● **Work task**: Return, from the listing that follows, each line containing the word "Girl".

● **The data**:
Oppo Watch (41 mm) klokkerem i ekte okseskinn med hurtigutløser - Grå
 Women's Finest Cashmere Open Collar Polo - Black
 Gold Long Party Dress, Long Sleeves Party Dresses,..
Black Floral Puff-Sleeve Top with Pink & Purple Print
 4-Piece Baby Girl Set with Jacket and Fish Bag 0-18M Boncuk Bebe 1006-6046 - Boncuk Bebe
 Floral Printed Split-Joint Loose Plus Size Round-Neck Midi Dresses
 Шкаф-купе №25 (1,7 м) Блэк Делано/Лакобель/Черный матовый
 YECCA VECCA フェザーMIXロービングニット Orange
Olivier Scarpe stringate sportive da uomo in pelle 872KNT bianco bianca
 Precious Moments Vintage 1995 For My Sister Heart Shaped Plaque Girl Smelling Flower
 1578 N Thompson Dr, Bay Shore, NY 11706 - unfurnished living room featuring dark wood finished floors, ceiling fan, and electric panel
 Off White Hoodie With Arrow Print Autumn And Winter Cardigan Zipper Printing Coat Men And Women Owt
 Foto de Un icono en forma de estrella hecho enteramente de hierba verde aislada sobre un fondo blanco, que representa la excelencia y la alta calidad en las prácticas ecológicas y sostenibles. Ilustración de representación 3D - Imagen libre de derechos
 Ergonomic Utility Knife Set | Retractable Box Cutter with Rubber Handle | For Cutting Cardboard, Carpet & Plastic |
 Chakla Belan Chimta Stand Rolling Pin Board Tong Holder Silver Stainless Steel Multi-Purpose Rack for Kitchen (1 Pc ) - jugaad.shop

● **Solution**:
 4-Piece Baby Girl Set with Jacket and Fish Bag 0-18M Boncuk Bebe 1006-6046 - Boncuk Bebe
 Precious Moments Vintage 1995 For My Sister Heart Shaped Plaque Girl Smelling Flower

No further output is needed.